Ainsi, lors du combat, Guy Chabot réussit, par quelques mouvements aussi discrets qu’efficaces, à entailler le jarret de son opposant. Vivonne s’effondre, blessé. Le roi fait alors cesser le duel et déclare Jarnac vainqueur et ayant lavé son honneur. Quant au seigneur de La Châtaigneraie, on lui accorde la vie sauve, maigre consolation dont il ne peut profiter longtemps. En effet, il finit malheureusement par succomber à sa blessure durant la nuit.
La naissance d’une expression
De cet événement spectaculaire naît alors une expression : le « coup de Jarnac ». À l’origine, elle désignait un coup loyal, ingénieux et d’une habileté surprenante. Cependant, en 1771, le Dictionnaire de Trévoux, rédigé par des jésuites, en donne une tout autre définition, associant cette locution à la perfidie et à la malhonnêteté : « Ce qui se prend toujours en mauvaise part, pour un tour auquel on ne s’attend pas, qui ruine quelqu’un ou détruit la fortune. » Le fait que Jarnac soit devenu protestant explique sans doute cette dévalorisation dans la langue et le vocabulaire du royaume catholique de France.

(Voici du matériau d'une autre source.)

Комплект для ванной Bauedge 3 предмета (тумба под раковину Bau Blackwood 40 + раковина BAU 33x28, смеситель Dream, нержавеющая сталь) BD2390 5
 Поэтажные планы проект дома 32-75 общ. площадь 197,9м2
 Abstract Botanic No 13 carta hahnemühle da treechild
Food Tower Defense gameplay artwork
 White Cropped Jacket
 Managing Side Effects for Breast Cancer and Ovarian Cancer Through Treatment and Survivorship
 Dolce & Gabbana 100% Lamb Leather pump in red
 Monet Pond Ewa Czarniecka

Certains, comme le Littré, tenteront plus tard de réhabiliter le sens originel de cette expression, mais en vain. Aujourd’hui encore, le « coup de Jarnac » est utilisé pour désigner une action perçue comme fourbe ou inattendue, amenant parfois une triste issue ; un sens qui trouve un écho particulier auprès de certaines actions de nos chers politiques.
Macron et le « coup de Jarnac » de la dissolution
En politique moderne, le « coup de Jarnac » sert souvent à désigner des manœuvres électorales ou stratégiques à double tranchant. Emmanuel Macron en a fourni un exemple marquant, en juin 2024, lorsqu’il a annoncé la dissolution de l’Assemblée nationale, quelques heures seulement après les résultats des élections européennes.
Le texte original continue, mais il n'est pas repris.